▶ What to produce: Down to the last line, set down the listing below exactly, apart from its pictures.

▶ Data:
+-------+
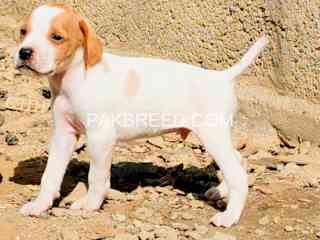 pure-english-pointer-pup-for-sale-age-1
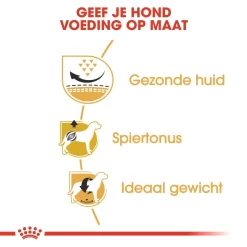 Royal Canin Hondenvoer Pug Adult <br>3 Kg 5 Royal Canin Hondenvoer Pug Adult <br>3 Kg -ROYAL CANIN Huisdier royal canin pug mopshond adult volwassen hond mopshond vanaf 10 maanden hero usp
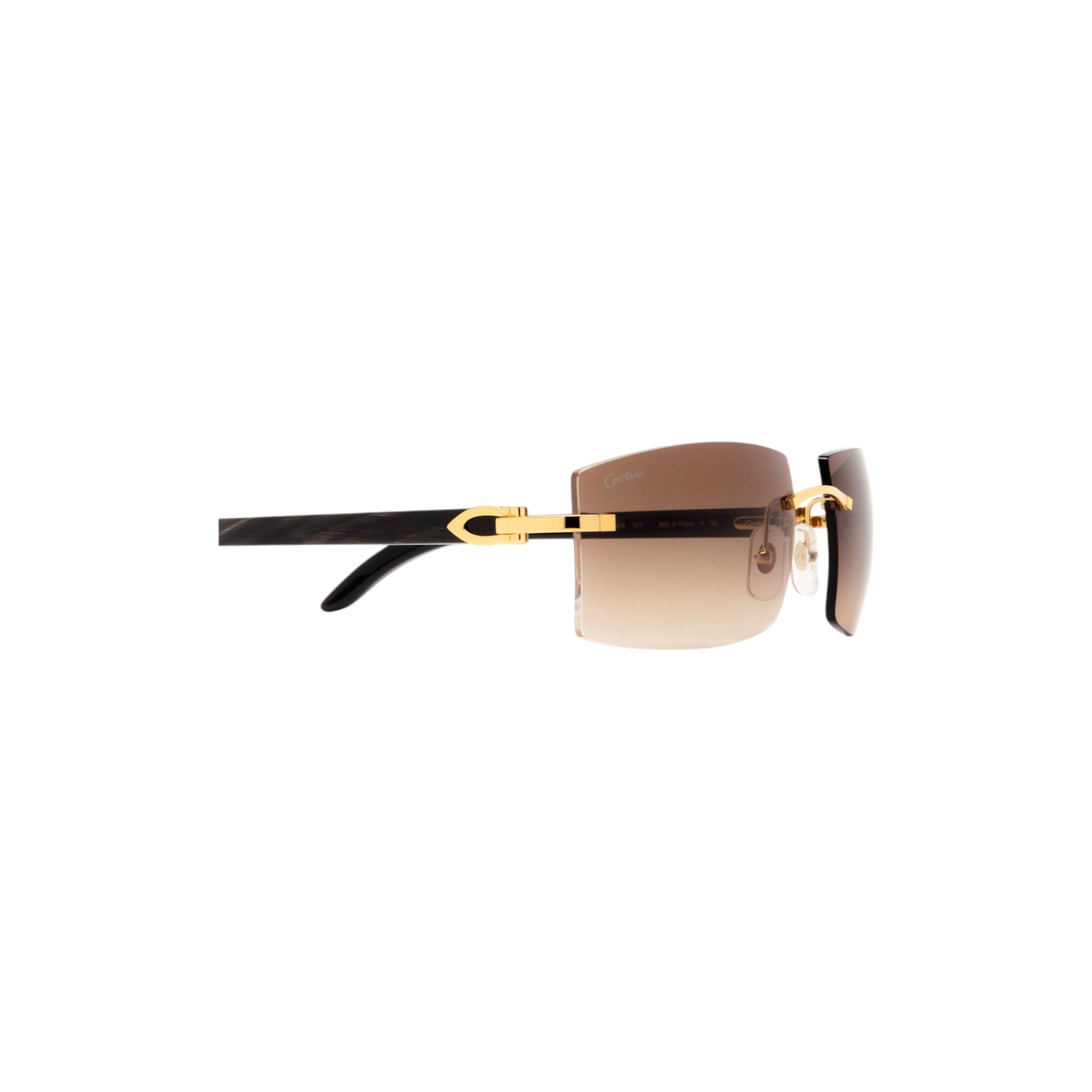 CT0021RS Gold Rectangle Sunglasses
+-------+
▶ Reply:
 pure-english-pointer-pup-for-sale-age-1
 Royal Canin Hondenvoer Pug Adult <br>3 Kg 5 Royal Canin Hondenvoer Pug Adult <br>3 Kg -ROYAL CANIN Huisdier royal canin pug mopshond adult volwassen hond mopshond vanaf 10 maanden hero usp
 CT0021RS Gold Rectangle Sunglasses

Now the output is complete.